The concept of probability is not alien to even the least mathematically versed among us: even those who do not remember the basic math they had in primary schools use it currently in their daily reasoning. I find the liberal use of the word "probability" (and derivates) in common language interesting, for two reasons. One, because the word has in fact a very definite mathematical connotation. And two, because the word is often used to discuss the knowledge of a system's evolution in time without a clear notion of which, among either of two strikingly different sources, is the cause of our partial or total ignorance.
1. As far as the mathematical flavour of the word is concerned, it is sufficient to note that its loose usage directly involves the eyeballing of a real number taking on values between 0 and 1. Whether you are talking about the chance that a colleague missed the train given that she is not showing up, or whether you am wondering who might win at Roland Garros next June, the moment you say "Susan is usually on time, so it is highly probable that she missed the train" or "Nadal has a high probability of winning next year, especially if Federer does not play" you are guessing that a real number is significantly larger than zero. You might even inconsciously be assigning it a definite value, if you are taking a decision: start the meeting anyways, or accept your friend's bet against Nadal.
2. Few of us, in using the word "probability", spend a moment of their time pondering on the real meaning of the word, and the fact that what it usually does for us is to explicitate our imperfect knowledge of the state of a system, or, in many cases, its past or future evolution in time. Our ignorance may be due to two quite different sources, although we usually fail to realize the difference: the intrinsic randomness of the phenomenon we are considering (say, if we try to predict the future, like the participation list of next years' Roland Garros), or the insufficient data at our disposal on a system which is perfectly deterministic, id est one that has already taken a definite state, however unknown to us (Susan took the train or missed it).

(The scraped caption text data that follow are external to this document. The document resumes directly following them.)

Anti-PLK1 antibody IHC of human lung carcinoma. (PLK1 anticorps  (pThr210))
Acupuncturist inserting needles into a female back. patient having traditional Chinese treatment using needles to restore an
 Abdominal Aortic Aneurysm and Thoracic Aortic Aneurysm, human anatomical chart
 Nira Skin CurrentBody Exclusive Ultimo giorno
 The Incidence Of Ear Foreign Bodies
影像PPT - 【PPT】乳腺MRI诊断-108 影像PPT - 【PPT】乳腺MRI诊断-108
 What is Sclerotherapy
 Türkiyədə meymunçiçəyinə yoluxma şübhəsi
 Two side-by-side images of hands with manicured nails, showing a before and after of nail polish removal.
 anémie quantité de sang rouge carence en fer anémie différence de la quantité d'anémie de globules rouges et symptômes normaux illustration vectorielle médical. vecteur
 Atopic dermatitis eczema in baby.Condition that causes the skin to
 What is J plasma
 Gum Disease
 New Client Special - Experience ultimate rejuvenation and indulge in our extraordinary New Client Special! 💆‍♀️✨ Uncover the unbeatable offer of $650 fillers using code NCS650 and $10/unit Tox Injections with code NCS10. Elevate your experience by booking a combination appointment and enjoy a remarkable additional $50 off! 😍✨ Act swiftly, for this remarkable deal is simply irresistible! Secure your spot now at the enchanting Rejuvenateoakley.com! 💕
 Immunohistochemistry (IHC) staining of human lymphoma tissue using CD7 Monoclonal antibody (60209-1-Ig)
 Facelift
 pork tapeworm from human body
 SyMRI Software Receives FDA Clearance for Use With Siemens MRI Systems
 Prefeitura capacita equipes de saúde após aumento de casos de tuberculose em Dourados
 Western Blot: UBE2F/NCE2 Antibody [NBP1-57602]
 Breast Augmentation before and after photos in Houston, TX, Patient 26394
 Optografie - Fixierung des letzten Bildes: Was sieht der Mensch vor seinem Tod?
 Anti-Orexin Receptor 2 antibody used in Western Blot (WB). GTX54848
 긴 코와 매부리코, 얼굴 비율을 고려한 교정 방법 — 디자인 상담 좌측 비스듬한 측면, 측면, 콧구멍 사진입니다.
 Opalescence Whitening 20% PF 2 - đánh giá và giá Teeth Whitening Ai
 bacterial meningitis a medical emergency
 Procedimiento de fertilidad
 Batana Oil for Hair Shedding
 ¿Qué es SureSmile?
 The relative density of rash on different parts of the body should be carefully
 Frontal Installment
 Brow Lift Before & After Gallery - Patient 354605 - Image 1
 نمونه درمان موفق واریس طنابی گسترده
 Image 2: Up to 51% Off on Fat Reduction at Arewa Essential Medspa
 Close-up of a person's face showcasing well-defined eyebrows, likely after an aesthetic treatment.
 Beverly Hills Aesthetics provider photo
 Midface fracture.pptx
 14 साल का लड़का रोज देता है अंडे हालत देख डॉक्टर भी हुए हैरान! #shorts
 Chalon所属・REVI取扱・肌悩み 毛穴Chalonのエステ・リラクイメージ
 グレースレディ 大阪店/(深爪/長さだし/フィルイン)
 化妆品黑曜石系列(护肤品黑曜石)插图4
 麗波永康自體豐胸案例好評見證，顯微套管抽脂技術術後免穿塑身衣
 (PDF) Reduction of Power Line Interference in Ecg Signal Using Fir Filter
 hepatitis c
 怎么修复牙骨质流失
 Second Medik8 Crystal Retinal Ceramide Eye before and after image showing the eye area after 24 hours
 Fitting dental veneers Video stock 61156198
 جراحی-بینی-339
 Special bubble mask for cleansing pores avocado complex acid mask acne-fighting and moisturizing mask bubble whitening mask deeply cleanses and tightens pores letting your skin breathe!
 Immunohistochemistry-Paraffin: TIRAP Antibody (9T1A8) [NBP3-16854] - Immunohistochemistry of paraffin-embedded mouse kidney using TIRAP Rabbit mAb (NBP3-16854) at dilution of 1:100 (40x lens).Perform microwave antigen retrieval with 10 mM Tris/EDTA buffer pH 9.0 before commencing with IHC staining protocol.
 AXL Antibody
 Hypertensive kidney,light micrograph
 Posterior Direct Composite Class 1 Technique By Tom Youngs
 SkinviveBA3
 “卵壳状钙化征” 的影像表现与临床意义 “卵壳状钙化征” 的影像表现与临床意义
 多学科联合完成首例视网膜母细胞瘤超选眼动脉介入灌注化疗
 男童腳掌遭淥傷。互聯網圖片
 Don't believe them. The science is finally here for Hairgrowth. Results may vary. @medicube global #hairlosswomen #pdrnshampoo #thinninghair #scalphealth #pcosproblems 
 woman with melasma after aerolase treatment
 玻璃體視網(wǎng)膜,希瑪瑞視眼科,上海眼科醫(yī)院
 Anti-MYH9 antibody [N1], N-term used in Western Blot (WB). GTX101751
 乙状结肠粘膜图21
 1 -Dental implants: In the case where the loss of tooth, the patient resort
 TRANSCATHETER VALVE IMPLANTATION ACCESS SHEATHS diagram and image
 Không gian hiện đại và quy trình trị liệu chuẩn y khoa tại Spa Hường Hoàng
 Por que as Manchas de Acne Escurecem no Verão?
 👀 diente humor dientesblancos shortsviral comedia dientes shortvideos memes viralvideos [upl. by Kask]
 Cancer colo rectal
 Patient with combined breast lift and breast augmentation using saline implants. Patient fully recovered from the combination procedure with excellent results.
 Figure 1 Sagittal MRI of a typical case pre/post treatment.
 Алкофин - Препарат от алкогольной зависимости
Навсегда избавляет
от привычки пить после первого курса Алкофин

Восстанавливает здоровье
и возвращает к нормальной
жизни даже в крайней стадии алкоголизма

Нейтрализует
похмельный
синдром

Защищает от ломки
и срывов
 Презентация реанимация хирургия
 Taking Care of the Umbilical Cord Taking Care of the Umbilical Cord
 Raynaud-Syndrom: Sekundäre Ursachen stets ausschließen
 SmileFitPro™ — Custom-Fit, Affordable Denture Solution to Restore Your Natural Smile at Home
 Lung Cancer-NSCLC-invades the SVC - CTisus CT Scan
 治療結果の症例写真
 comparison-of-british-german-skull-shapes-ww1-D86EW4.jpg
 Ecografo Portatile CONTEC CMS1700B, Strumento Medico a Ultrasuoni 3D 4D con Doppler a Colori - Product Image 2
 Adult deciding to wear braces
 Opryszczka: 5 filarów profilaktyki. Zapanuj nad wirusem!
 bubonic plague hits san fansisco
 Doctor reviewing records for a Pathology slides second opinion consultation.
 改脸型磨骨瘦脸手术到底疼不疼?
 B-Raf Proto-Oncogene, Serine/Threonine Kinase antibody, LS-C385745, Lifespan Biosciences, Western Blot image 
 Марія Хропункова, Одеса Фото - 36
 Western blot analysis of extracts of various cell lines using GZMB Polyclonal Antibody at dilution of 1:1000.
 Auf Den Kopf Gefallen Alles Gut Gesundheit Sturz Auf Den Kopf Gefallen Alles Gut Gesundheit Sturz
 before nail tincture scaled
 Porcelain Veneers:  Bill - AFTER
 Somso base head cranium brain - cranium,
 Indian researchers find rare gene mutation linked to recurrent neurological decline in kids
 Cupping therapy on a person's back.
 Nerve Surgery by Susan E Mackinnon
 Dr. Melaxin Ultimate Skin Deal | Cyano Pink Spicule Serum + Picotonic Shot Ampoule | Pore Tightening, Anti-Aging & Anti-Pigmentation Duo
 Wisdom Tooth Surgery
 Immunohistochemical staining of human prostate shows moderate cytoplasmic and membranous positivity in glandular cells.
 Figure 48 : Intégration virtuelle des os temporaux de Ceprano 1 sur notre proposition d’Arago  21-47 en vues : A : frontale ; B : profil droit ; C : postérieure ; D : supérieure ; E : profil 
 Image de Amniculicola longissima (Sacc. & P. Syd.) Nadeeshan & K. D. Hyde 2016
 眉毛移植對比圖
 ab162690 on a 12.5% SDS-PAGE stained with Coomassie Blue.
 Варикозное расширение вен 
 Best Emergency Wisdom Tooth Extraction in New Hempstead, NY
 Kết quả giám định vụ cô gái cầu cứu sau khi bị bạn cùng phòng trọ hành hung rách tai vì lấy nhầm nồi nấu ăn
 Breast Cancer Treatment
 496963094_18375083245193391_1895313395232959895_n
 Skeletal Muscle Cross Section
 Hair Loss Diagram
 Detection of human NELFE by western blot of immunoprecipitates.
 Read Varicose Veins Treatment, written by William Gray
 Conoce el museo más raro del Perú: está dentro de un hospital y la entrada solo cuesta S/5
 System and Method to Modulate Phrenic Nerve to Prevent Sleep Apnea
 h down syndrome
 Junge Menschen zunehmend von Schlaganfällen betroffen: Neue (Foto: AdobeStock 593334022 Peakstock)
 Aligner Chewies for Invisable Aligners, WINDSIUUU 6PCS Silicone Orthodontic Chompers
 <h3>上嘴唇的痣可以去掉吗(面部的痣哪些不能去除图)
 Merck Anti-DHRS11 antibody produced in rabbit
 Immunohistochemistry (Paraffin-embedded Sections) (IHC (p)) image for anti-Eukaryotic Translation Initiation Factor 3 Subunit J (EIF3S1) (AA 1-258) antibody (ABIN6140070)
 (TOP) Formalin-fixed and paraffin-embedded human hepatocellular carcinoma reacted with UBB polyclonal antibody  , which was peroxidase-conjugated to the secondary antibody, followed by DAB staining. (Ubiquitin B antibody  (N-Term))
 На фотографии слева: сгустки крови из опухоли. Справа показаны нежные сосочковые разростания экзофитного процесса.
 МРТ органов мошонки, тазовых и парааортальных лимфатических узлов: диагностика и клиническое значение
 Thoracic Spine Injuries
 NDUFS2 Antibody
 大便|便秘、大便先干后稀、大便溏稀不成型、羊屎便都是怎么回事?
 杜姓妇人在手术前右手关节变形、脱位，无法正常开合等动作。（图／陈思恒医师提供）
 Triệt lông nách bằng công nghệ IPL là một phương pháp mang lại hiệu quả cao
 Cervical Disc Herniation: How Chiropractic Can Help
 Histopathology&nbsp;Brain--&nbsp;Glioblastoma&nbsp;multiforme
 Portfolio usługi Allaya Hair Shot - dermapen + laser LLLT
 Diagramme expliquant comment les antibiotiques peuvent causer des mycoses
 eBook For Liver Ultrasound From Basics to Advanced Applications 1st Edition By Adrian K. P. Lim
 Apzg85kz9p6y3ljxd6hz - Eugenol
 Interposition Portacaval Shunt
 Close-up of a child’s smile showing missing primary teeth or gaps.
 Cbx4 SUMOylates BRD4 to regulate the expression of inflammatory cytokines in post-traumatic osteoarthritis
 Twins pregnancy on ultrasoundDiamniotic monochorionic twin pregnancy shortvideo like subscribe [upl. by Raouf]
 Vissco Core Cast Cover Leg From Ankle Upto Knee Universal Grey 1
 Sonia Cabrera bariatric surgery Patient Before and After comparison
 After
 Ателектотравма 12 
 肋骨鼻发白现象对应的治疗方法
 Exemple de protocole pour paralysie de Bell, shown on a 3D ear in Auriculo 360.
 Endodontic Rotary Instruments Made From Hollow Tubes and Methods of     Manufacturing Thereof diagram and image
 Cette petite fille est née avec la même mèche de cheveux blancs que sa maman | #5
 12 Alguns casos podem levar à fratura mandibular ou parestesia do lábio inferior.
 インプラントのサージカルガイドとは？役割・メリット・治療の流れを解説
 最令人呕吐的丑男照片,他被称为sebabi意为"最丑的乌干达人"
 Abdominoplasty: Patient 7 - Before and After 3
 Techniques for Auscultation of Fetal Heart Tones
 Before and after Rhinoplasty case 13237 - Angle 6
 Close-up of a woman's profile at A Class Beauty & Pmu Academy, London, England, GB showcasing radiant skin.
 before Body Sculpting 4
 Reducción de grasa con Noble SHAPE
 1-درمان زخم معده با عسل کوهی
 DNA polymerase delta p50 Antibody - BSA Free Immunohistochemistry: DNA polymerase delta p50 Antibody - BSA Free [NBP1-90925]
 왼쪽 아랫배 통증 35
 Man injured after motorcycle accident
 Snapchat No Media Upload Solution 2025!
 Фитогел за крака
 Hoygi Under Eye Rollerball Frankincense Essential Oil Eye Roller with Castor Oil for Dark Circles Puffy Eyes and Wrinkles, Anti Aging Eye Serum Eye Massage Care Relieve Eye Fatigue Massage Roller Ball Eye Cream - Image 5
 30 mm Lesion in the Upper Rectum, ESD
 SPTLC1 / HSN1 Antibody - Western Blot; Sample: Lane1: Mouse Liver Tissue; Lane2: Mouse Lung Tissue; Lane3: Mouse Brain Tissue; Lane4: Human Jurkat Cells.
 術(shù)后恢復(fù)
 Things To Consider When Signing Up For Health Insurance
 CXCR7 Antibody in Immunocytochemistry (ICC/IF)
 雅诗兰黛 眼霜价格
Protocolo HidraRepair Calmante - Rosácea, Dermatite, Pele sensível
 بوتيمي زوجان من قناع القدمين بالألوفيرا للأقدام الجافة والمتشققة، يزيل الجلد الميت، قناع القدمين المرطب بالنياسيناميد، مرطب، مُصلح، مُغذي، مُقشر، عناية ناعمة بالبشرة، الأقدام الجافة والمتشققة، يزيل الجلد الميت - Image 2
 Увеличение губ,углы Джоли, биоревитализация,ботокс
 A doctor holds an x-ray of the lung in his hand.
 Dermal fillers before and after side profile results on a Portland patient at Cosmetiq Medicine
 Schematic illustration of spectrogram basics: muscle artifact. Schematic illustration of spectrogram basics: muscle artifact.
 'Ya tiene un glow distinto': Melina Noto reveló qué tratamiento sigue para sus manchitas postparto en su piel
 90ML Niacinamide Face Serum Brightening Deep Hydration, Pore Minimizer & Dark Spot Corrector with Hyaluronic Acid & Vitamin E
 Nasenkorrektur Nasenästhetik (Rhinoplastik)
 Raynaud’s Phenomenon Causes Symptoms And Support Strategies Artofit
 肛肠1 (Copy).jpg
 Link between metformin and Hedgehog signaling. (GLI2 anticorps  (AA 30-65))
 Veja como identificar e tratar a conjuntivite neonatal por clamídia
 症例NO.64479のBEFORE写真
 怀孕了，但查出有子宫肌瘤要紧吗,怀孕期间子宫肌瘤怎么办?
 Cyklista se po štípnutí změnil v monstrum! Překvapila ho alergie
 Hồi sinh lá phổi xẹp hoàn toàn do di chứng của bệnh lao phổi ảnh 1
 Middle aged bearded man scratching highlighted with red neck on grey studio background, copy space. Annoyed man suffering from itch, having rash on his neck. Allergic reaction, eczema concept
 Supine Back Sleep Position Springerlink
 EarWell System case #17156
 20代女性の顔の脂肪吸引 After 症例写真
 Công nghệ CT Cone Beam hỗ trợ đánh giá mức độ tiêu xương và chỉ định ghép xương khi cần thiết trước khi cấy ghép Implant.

Note that for statisticians the above statements on Susan or Nadal are guesses, not estimates: estimates come exclusively from measurements! Yet similar sentences get as close as anything to scientific thinking for non-scientists in their everyday life. The reason why they do is that they implicitly use Bayesian reasoning. If you do not know what Bayesian reasoning is, read on: you might realize you are smarter than you thought.
Two schools of thought
There are two schools of thought when discussing the probability of different hypotheses. One school is called "Frequentist". If I were using frequentist thinking, I would say that observing the behavior of an infinite number of readers N of this post would allow me to compute the probability that you leave it before getting to the end, by taking the limit, for large N, of the fraction of departures divided by N.
The other one is called "Bayesian" after Thomas Bayes, who formulated in the mid 1700s the famous theorem named after him. Bayes' theorem was published postumously in 1763 by a friend, who beat on time the mathematician Pierre Simon Laplace. For a Bayesian, probability is not a number defined as a fraction of outcomes, but rather a quantity defined irrespective of the possibility of actually counting a fraction of successes: one which has to do with the degree of belief of the experimenter. This belief sizes up the likelihood one may assign to the occurrence of a phenomenon, based on his or her prior knowledge of the system.
Being a Bayesian -at least in everyday life-, instead of fantasizing about infinite readers I use my prior experience on similar articles I wrote, and the data provided in this blog's access statistics, to try and put together my guess: in statistical jargon, I assign a "subjective prior probability" to the dropping out of readers during a long piece, depending on its length and subject. Since the number in this case comes out pretty close to unity -a certain outcome-, let me get to the heart of this post quickly. I want to convince you that you, too, are a Bayesian. But I need to explain you the theorem first!
If you are here in search of a rigorous definition, you have come to the wrong place. I will give in the following a simplified, inaccurate explanation of this important tool in statistics, by considering an example. As I just had occasion to note, I am a Statistician only by election...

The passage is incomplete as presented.